Let $X$ be the set of all real bounded sequences with the metric $$d(\ (x_n)_{n\in\mathbb{N}}, (y_n)_{n\in\mathbb{N}} \ ) = \sup \{\vert x_n-y_n\vert : n\in \mathbb{N}\}$$
Then, prove that the subset $C$ of all convergent sequences in X is a closed set
I think I have a good way but I'm really having much trouble with manipulating the notation for sequences of sequences. I saw this but the answer was kind of what I've already had in mind (and they don't show the whole proof).

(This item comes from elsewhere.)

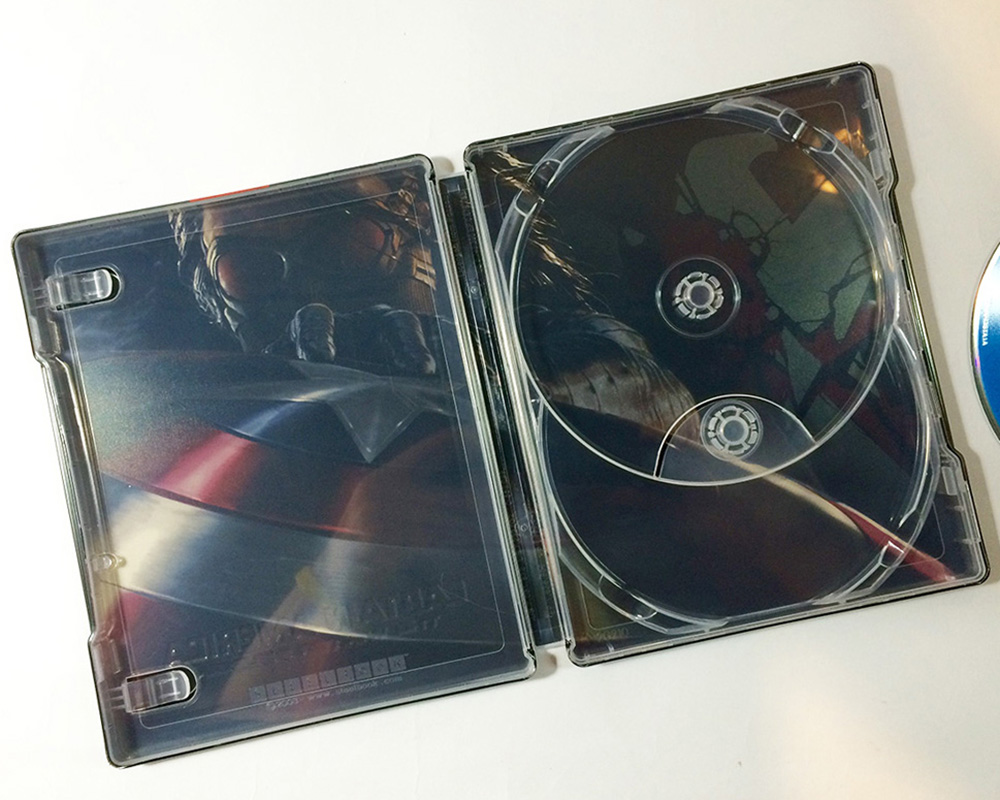 Zavvi_CA-TWS-07.jpg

My attempt was to suppose a convergent sequence $(\ (x_n^{(i)})_{n\in\mathbb{N}} \ )_{i\in \mathbb{N}}$ in $C$ and then prove that the limit of $(\ (x_n^{(i)})_{n\in\mathbb{N}} \ )_{i\in \mathbb{N}}$ is a convergent sequence. But I'm really sutcked because I'm not so familiarized with the notation and then I just wrote the definitions and couldn't work with them… so please clarify each step of your answer, if possible.
Best Answer
I have no idea what your $(x_n)^{(i)}_{i\in\mathbb{N}}$ is supposed to mean (what are $i$ and $n$ meaning? Do you mean each $x_n\in C$ and $i$ is the $i$-th component? or the other way round?).
Since we don't need to prove the space $C$ is complete, the proof simplifies.
Pick an arbitrary convergent sequence (of sequences) $y_m\in C$, converging to some $x\in X$. (Each $y_m$ is a sequence $(y_{m,n})_{n\in\mathbb{N}}$). We want to show $x\in C$. Since $\mathbb{R}$ is complete, it suffices to show $x=(x_n)_{n\in\mathbb{N}}$ is Cauchy.
So fix an $\varepsilon>0$. Since $y_n\to x$, for some $y_N$ we have $d(y_N,x)<\varepsilon$, so $|y_{N,n}-x_n|<\varepsilon$ for all $n$. But $y_N\in C$ and so is Cauchy, so $|y_{N,m}-y_{N,m'}|<\varepsilon$ for all $m,m'\geq M$, some $M\in\mathbb{N}$. So $$ |x_m-x_{m'}|\leq |x_m-y_{N,m}|+|y_{N,m}-y_{N,m'}|+|y_{N,m'}-x_{m'}|<3\varepsilon $$ and now go back to change $\varepsilon$ to $\varepsilon/3$ if you must.